▸ TASK DETAILS
Nothing but the lines below from the one with "blue background. Large" through the one with "OECD: 베트남 경제, 2026~2027년 회복세 지속 전망" should be output, each exactly as given, and no pictures.

[Captioned web image data]
+ + + +

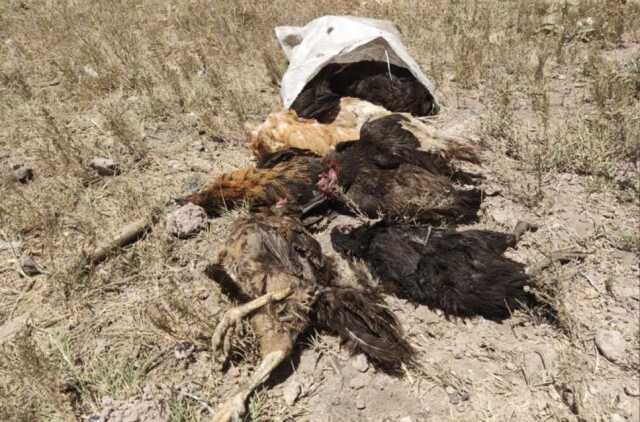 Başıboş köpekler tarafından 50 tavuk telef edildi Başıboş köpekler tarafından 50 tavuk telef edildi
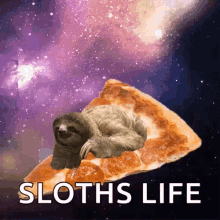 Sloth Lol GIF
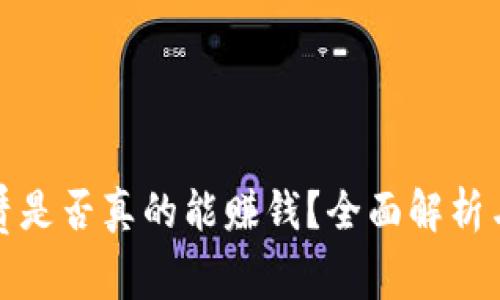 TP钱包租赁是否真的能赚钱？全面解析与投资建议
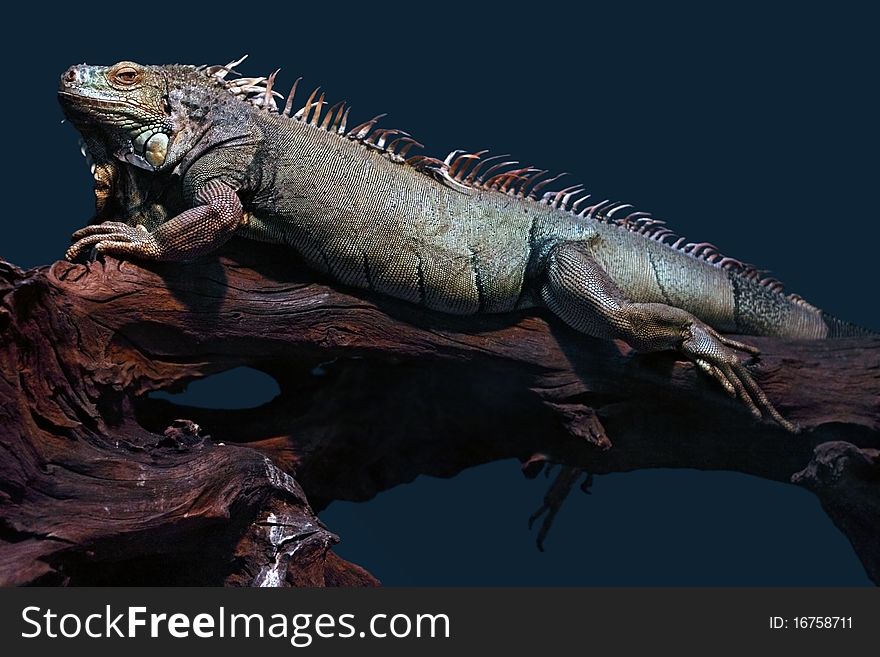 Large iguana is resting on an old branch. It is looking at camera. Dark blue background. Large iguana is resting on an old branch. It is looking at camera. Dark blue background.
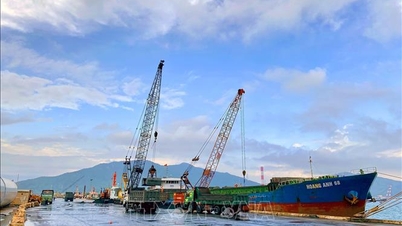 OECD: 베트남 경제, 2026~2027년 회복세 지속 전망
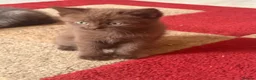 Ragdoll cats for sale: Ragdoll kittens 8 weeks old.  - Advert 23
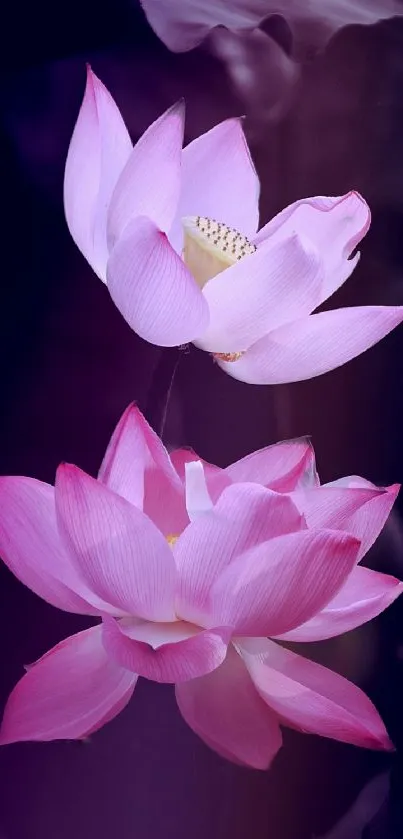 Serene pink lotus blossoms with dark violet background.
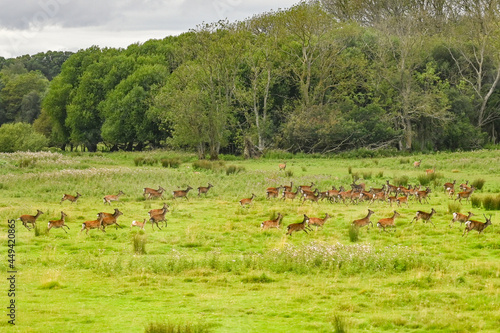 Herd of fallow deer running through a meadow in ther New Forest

+ + + +

▸ ANSWER FOR THE TASK
 Large iguana is resting on an old branch. It is looking at camera. Dark blue background. Large iguana is resting on an old branch. It is looking at camera. Dark blue background.
 OECD: 베트남 경제, 2026~2027년 회복세 지속 전망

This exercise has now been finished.